> Your objective
Render every entry exactly as it appears.

━━━━━━━━━━━━━━━━

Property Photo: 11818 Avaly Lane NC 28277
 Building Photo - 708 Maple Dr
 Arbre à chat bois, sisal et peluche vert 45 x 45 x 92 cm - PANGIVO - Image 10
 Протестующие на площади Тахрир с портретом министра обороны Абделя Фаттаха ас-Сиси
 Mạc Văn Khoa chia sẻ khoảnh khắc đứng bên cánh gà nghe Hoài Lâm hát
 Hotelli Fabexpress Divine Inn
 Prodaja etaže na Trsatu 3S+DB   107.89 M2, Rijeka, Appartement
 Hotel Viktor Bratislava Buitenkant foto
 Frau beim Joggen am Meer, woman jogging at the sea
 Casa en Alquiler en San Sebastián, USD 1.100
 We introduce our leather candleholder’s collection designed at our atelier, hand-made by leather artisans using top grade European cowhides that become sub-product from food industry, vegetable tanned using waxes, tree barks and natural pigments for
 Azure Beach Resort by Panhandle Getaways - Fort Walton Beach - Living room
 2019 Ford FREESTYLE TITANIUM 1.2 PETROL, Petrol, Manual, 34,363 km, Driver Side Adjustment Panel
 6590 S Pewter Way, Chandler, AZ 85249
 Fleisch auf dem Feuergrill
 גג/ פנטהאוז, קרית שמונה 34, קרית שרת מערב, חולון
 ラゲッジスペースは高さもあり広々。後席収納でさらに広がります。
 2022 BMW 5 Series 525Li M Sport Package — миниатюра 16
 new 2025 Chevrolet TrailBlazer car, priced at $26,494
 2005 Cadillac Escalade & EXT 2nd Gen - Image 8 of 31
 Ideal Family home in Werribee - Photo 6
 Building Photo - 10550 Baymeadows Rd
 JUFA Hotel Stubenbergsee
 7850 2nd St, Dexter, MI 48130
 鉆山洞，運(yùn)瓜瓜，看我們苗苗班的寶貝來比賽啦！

━━━━━━━━━━━━━━━━

> Expected output
Property Photo: 11818 Avaly Lane NC 28277
 Building Photo - 708 Maple Dr
 Arbre à chat bois, sisal et peluche vert 45 x 45 x 92 cm - PANGIVO - Image 10
 Протестующие на площади Тахрир с портретом министра обороны Абделя Фаттаха ас-Сиси
 Mạc Văn Khoa chia sẻ khoảnh khắc đứng bên cánh gà nghe Hoài Lâm hát
 Hotelli Fabexpress Divine Inn
 Prodaja etaže na Trsatu 3S+DB   107.89 M2, Rijeka, Appartement
 Hotel Viktor Bratislava Buitenkant foto
 Frau beim Joggen am Meer, woman jogging at the sea
 Casa en Alquiler en San Sebastián, USD 1.100
 We introduce our leather candleholder’s collection designed at our atelier, hand-made by leather artisans using top grade European cowhides that become sub-product from food industry, vegetable tanned using waxes, tree barks and natural pigments for
 Azure Beach Resort by Panhandle Getaways - Fort Walton Beach - Living room
 2019 Ford FREESTYLE TITANIUM 1.2 PETROL, Petrol, Manual, 34,363 km, Driver Side Adjustment Panel
 6590 S Pewter Way, Chandler, AZ 85249
 Fleisch auf dem Feuergrill
 גג/ פנטהאוז, קרית שמונה 34, קרית שרת מערב, חולון
 ラゲッジスペースは高さもあり広々。後席収納でさらに広がります。
 2022 BMW 5 Series 525Li M Sport Package — миниатюра 16
 new 2025 Chevrolet TrailBlazer car, priced at $26,494
 2005 Cadillac Escalade & EXT 2nd Gen - Image 8 of 31
 Ideal Family home in Werribee - Photo 6
 Building Photo - 10550 Baymeadows Rd
 JUFA Hotel Stubenbergsee
 7850 2nd St, Dexter, MI 48130
 鉆山洞，運(yùn)瓜瓜，看我們苗苗班的寶貝來比賽啦！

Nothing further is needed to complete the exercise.